Exclude every picture. Output verbatim the lines from the one containing "Lovely 1930s Brass" to the end of the data.
[Opening STORED DATA section]
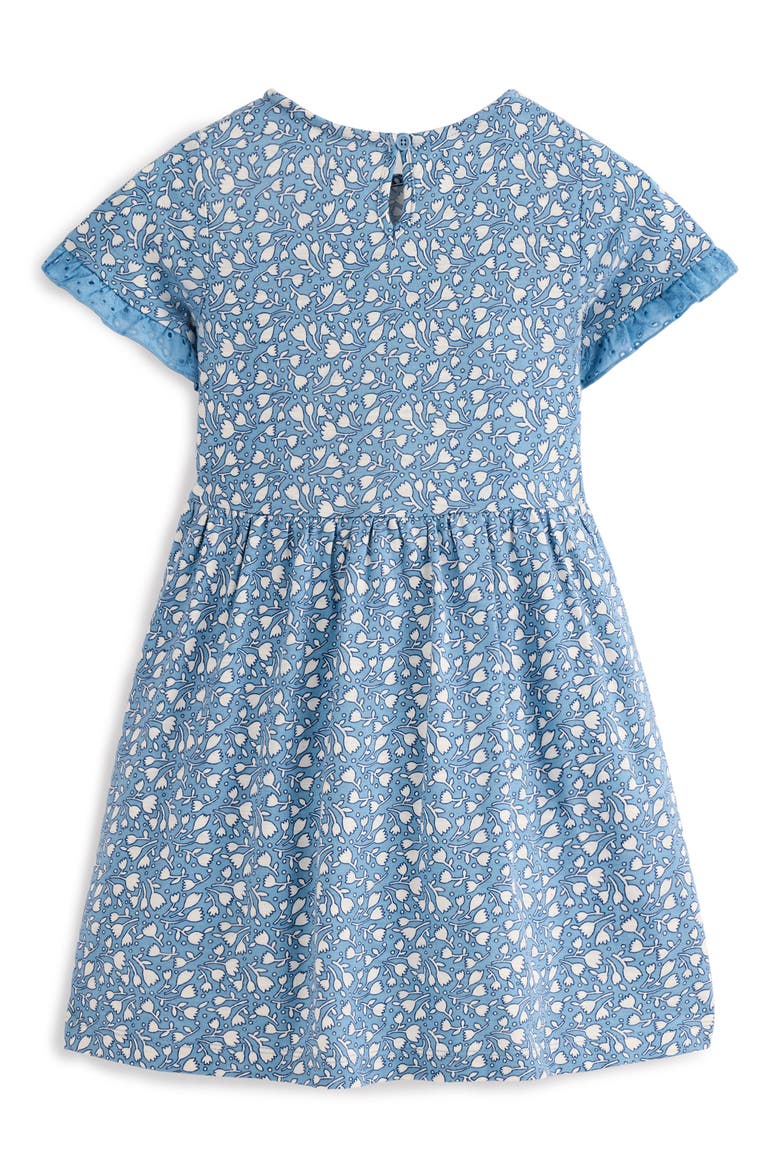Kids' Eyelet Pocket Cotton Jersey Dress, Alternate, color, BLUE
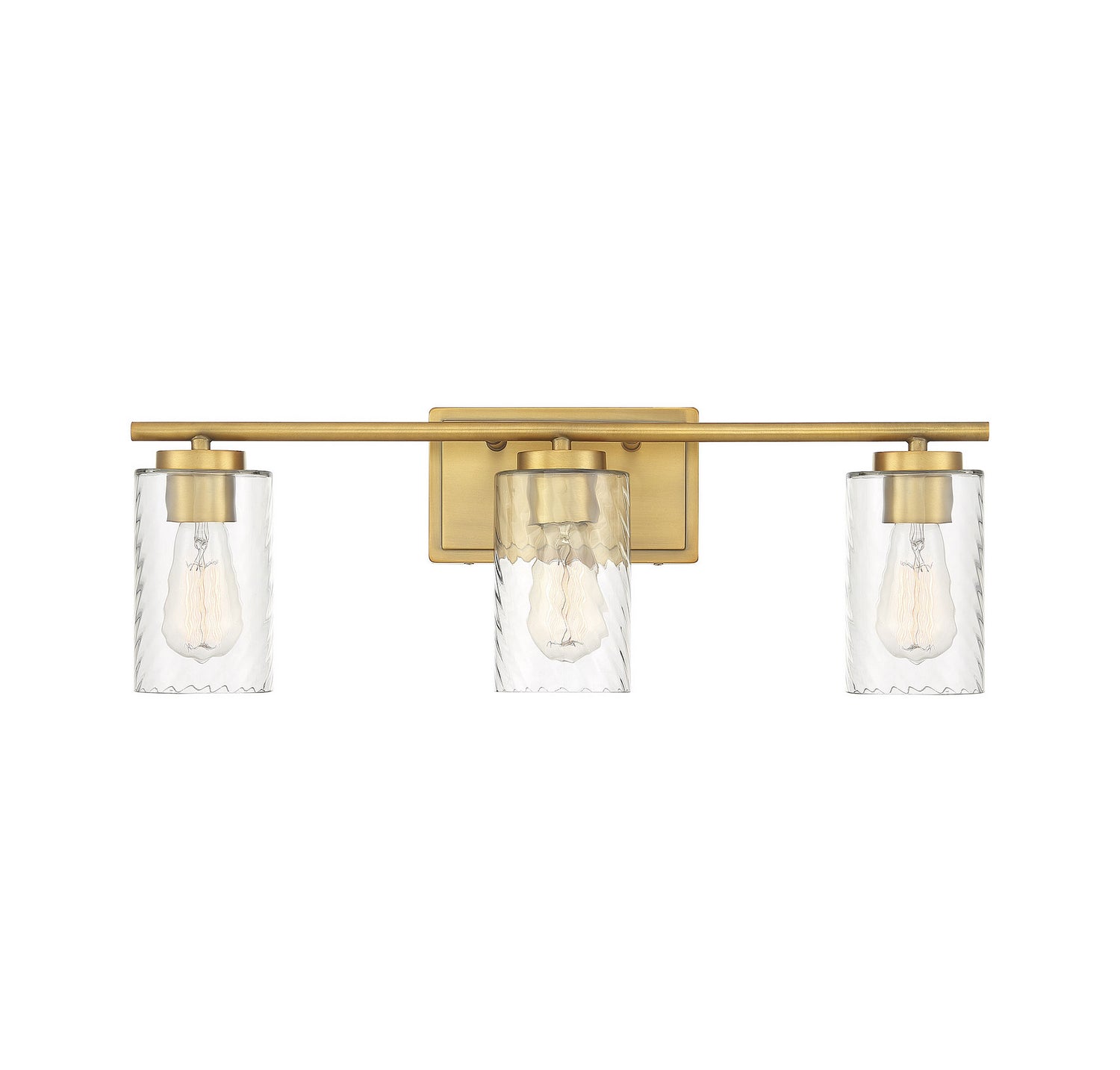 Applique murale de salle de bain à trois lumières Meridian M80038NB en laiton naturel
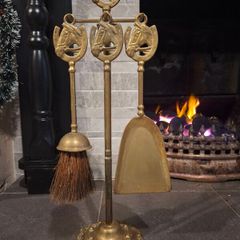 Lovely 1930s Brass Fireside Companion Horse Set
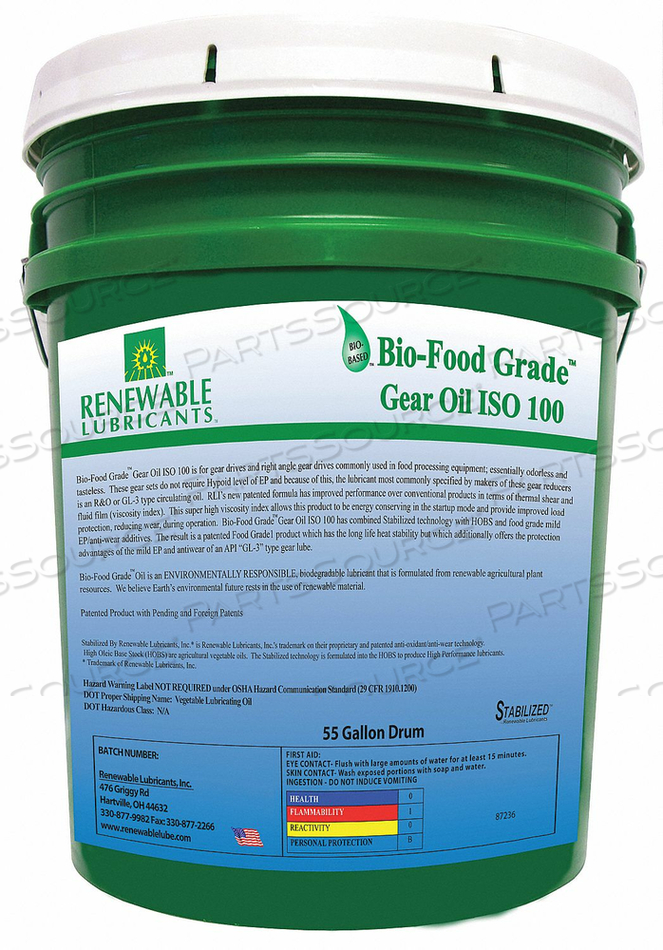 FOOD GRADE GEAR OIL 5 GAL by Renewable Lubricants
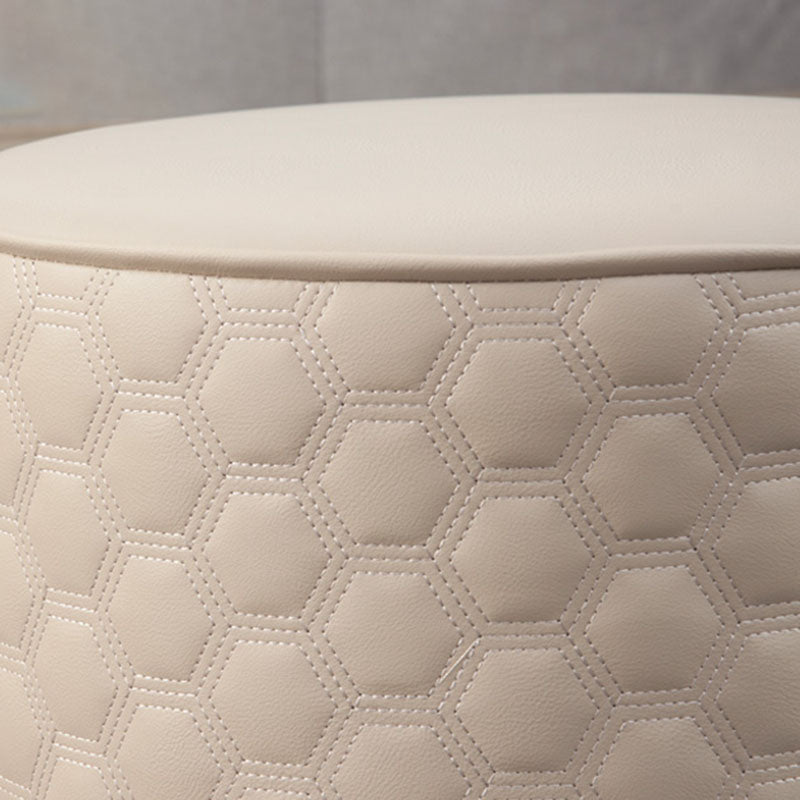 Genuine Leather Standard Stool Modern Minimalist Round Footrest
[Closing STORED DATA section]
▶ OUTPUT FOR THIS TASK
 Lovely 1930s Brass Fireside Companion Horse Set
 FOOD GRADE GEAR OIL 5 GAL by Renewable Lubricants
 Genuine Leather Standard Stool Modern Minimalist Round Footrest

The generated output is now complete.